25 Temmuz 2014 Cuma

Gazze'de devlet insanı yemeye devam ederken...

İsrail devleti, Hamas saldırılarını bahane ederek hastane, okul dinlemeden sivilleri öldürmeye devam ediyor. 8 Temmuz'dan bu yana devam eden hava ve kara operasyonlarında 24 Temmuz itibariyle içinde birçok çocuğun da dahil olduğu 805 Filistinli hayatını kaybetti.

Batı Şeria'da dün halk İsrail'in devlet terörüne karşı 1980'lerden beri görülmediği kadar büyük oranda ayaklandı. İsrail kuvvetleri, on binlerle ifade edilen silahsız insanlara protesto yürüyüşünde de ateş açarak en az 3 kişinin yaşamını aldı. Protestocular silahlı İsrail birliklerine taş ve havaifişekle karşılık verdi.

Masumları hedef alan kanlı saldırılara karşı İsrail dahil olduğu pek çok ülkede Yahudilerin içinde bulunduğu on binlerce insan adaletsizliğe karşı seslerini yükseltti; ancak bu durum yine de ırkçı söylemler için fırsat kollayanlara engel olamadı. "Tüm Yahudiler öldürülmeden" bu meselenin çözülmeyeceğine inananlar, örneğin İstanbul'daki Musevi komşusuna kinle bakarken, bakışlarının Gazze semalarında vuracak okul arayan İsrail askerinin bakışlarından çok da uzak olmadığını bilmek zorunda. Canlılar arasındaki nefret tohumlarının, silahla büyüyen, silahları tekeline alan ve silahı masumlaştıran otoriter-hiyerarşik kurumlar tarafından ekildiğini anlamak durumunda.

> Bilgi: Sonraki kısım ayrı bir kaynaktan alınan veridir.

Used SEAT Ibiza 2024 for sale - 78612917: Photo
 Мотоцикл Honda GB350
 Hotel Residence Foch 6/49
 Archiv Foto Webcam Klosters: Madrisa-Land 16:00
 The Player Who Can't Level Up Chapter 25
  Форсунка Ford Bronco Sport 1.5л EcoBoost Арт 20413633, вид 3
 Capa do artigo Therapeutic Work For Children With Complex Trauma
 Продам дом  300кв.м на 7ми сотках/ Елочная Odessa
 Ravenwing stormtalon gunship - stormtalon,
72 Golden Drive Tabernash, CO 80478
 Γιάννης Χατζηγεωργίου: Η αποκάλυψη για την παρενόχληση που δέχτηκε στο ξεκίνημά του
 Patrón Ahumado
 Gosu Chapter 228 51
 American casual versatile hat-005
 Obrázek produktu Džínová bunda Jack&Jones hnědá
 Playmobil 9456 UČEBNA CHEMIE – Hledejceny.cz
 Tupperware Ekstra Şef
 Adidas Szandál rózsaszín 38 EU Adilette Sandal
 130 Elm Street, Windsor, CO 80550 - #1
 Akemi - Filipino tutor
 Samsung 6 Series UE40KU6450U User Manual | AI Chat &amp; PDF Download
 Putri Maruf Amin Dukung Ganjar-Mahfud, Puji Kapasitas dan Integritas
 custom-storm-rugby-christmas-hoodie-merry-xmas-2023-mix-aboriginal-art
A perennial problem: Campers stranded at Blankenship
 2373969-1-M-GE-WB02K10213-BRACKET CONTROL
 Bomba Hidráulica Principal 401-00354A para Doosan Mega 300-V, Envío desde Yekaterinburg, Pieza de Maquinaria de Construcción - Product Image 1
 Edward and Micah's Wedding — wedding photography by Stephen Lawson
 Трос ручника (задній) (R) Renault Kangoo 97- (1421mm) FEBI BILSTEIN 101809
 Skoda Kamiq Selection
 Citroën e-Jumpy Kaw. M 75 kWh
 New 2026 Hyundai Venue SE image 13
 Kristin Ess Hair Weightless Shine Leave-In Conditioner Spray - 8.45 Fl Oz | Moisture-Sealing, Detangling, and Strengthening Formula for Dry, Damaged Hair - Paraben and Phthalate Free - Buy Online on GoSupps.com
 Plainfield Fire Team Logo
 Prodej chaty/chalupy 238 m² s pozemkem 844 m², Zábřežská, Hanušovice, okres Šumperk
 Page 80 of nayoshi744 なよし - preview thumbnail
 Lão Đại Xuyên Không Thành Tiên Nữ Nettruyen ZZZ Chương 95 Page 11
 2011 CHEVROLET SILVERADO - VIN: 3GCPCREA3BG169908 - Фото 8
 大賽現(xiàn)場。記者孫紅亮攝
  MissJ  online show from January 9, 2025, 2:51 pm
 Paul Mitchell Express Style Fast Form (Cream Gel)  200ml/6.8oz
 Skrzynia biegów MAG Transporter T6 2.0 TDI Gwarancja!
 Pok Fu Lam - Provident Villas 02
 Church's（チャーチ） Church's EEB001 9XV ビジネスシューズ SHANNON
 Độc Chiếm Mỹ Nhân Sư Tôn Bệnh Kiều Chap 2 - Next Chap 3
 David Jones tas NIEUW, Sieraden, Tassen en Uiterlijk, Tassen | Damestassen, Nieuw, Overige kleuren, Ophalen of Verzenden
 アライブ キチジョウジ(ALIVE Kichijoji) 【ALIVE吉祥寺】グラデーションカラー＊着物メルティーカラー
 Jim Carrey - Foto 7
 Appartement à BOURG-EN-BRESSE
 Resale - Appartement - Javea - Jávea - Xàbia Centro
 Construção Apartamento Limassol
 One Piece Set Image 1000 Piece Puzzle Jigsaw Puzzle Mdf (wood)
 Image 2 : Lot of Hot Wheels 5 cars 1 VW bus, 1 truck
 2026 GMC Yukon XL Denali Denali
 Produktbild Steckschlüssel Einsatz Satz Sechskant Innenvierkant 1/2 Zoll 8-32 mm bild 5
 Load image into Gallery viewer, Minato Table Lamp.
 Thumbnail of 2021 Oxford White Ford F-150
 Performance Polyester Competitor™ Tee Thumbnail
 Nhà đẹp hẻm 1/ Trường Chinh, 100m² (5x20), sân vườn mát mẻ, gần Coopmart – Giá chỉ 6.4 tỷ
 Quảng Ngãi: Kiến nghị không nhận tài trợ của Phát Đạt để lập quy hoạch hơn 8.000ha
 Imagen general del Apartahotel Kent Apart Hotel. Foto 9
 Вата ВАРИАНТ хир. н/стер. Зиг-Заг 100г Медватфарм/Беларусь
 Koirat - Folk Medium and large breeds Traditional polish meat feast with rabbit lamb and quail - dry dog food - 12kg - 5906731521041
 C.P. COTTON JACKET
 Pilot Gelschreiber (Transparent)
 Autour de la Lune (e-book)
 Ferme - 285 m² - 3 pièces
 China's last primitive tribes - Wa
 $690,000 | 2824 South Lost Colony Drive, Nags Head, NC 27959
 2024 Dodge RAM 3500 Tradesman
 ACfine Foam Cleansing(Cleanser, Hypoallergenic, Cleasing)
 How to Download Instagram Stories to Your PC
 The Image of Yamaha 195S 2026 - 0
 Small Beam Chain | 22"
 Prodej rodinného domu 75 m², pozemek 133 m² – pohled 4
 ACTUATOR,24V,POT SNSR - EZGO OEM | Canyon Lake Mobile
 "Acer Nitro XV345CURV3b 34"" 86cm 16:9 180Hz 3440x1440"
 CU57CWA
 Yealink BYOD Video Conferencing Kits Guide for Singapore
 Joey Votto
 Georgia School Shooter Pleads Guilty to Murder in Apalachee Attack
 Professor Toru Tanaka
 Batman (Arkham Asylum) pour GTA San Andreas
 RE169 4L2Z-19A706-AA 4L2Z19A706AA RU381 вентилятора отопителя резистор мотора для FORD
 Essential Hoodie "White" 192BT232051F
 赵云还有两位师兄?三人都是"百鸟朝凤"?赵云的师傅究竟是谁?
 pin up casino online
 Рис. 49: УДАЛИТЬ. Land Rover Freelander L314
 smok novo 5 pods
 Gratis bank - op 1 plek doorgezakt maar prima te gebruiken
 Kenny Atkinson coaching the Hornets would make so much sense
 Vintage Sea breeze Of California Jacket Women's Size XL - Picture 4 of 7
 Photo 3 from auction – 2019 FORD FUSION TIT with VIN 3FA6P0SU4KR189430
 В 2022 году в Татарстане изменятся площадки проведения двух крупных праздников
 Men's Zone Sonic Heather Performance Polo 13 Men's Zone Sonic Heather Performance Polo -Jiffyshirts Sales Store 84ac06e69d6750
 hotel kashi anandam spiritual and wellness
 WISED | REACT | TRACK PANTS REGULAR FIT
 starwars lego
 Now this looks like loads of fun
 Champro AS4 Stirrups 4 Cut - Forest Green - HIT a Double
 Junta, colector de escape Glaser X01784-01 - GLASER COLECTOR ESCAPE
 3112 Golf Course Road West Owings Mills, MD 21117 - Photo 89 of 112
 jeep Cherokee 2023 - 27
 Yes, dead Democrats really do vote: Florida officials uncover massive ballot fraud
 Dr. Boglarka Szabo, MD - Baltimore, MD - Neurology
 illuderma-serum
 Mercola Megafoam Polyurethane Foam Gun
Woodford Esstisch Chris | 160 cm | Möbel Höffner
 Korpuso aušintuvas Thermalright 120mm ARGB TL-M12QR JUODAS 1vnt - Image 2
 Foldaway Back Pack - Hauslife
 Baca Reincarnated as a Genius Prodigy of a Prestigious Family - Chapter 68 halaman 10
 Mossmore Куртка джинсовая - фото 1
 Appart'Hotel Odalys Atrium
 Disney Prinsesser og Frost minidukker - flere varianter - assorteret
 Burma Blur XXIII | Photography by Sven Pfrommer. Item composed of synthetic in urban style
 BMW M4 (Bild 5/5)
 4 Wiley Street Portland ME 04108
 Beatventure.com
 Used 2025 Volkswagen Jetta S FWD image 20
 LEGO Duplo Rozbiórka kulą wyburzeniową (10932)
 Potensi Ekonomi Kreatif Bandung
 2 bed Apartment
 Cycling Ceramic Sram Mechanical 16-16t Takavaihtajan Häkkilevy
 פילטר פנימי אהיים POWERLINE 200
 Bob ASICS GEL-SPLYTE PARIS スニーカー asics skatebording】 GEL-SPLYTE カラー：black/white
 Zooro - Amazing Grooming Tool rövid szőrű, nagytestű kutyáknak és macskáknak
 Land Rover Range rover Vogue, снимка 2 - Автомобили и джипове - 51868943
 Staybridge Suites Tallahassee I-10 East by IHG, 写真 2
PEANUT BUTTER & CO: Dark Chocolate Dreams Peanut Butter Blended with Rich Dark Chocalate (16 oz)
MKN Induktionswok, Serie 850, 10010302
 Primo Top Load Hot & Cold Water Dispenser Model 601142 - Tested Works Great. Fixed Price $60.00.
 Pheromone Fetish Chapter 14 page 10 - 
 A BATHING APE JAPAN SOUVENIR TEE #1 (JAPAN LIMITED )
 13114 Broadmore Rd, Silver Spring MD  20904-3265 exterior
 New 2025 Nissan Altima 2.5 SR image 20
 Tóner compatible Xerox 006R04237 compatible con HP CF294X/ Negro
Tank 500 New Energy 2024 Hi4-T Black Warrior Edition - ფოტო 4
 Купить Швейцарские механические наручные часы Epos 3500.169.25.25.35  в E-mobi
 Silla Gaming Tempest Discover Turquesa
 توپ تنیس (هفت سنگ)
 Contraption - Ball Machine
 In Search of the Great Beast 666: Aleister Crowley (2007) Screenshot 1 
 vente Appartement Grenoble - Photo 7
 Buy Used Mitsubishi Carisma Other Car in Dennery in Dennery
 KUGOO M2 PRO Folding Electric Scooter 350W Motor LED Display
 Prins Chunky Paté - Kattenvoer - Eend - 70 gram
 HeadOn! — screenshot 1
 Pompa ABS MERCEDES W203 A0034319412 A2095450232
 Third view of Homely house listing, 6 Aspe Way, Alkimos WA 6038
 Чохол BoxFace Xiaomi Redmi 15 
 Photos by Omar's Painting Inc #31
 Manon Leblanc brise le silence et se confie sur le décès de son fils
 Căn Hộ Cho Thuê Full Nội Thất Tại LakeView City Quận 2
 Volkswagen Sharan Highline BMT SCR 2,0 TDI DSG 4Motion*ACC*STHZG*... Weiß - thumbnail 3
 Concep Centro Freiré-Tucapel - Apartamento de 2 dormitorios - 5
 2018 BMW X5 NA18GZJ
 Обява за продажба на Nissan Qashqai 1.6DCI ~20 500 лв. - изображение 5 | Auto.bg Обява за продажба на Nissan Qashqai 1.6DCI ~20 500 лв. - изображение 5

İsrail devletinin bitmek bilmeyen kan arzusundan rahatsız olan İsraillilerden birisi de yönetmen Nurit Kedar. Kedar, 2008-2009 Gazze Savaşı'nda yer almış askerlerle yapılan görüşmeleri filmleştirerek komutandan gelen emrin askeri nasıl makineleştirdiğini ve orantısız güç denenin insan zihninde nasıl "orantılı"laştırıldığını ortaya koymuş. Bu antimilitarist filmin adı Concrete, İsrail'de devlet baskısı yüzünden hiçbir TV kanalında yayınlanmamış ve yönetmene sayısız tehdit mesajı olarak geri dönmüş.


Yalnızca İsrail ordusunun katil olduğunu düşünenlerdenseniz, İsrail ordusunun diğer ordulardan bağımsız ve gizli araç ve metotları kullandığını iddia ediyor olmalısınız; oysa İsrail de Türkiye gibi ABD'den satın alınma makinelerle öldürüyor ve eğitimlerinin önemli bir kısmını Türkiye devletinin onayı ile Türkiye'de gerçekleştiriyor. Yalnızca İsrail devletinin zorba olduğunu düşünenlerdenseniz, İsrail'de medyaya uygulanan baskının benzerinin Türkiye'de Erdoğan tarafından uygulandığını hatırlatmak gerekir. Pek "medeni" ABD'de de ordunun sivilleri helikopterle taradığı görüntüleri kamuoyu ile paylaşan Chelsea Manning'e 30 yıl hapis cezası verilir. Tek başına bu ceza bile devlet ve hukuk sisteminin neyi kimden koruduğunu gösterir.

Bütün devletlerin hayata ve özgürlüğe karşı kurulduğunu anlamak bu kadar zor olmamalı.